The screen difference between the two Kindles is really very noticeable. The extra contrast and screen size on the DX Graphite makes reading so much more comfortable. After about 2 weeks of reading on the DX Graphite, the K2 screen looks very small and light and even a little fuzzy now. For now the K2 will still be my traveling Kindle for slipping into my purse and running errands, taking to the park, etc, but if Kindle 3 is announced with the same screen upgrade as the DX Graphite, I'll definitely be picking one up no matter what the other features are.


----------



## lonestar (Feb 9, 2010)

Wow!  I hope that Kindle 3 comes out soon.  Thanks for taking the time to post these photographs.


----------



## 911jason (Aug 17, 2009)

meglet said:


>


I *L O V E* how the skin looks on the DXG... that was the main reason I couldn't keep a skin on the front of my K2 because the white border around every edge of the skin was very noticeable. The graphite color really helps the skin just blend into the device. Very nice!!! =)


----------



## meglet (Feb 14, 2009)

911jason said:


> I *L O V E* how the skin looks on the DXG... that was the main reason I couldn't keep a skin on the front of my K2 because the white border around every edge of the skin was very noticeable. The graphite color really helps the skin just blend into the device. Very nice!!! =)

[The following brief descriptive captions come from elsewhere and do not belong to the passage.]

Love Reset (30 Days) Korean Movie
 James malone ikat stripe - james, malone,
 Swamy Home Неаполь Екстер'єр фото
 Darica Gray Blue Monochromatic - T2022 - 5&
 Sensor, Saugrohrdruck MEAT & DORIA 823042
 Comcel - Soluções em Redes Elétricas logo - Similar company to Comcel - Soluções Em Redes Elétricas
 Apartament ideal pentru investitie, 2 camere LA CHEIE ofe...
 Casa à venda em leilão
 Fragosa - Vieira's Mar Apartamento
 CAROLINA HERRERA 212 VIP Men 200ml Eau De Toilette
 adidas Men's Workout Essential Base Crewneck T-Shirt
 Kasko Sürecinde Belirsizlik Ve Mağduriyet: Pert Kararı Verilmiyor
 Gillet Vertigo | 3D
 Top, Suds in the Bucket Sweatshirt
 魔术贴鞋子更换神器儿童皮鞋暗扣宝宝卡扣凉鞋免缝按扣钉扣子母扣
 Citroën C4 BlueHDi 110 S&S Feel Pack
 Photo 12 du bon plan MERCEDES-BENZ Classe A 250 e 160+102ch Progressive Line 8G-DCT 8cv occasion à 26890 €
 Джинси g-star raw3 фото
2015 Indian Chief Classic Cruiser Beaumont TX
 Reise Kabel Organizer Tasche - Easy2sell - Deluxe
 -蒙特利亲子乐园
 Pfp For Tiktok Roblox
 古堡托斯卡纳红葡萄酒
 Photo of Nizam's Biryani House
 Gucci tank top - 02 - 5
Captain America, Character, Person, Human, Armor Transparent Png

That skin is a particularly good example of the way it blends into the DXG, since it's dark gray, but other dark skins should work really well too. I was amazed at how much nicer the gray casing looked than the white casing on the K2.


----------



## 911jason (Aug 17, 2009)

Your pic with the Graphite Kindle and that skin have almost got me convinced to try and sell my K2 and buy a DXG... I even showed my wife that photo and pointed out how much worse the K2 skin looked with all the white peeking out around the edges. Your DXG looks amazing.


----------



## Addie (Jun 10, 2009)

Wow! I agree! I'm surprised at just how much better skins look with the graphite case.
I wasn't planning on skinning my K3 at all, but I may have to change my mind about that now ...


----------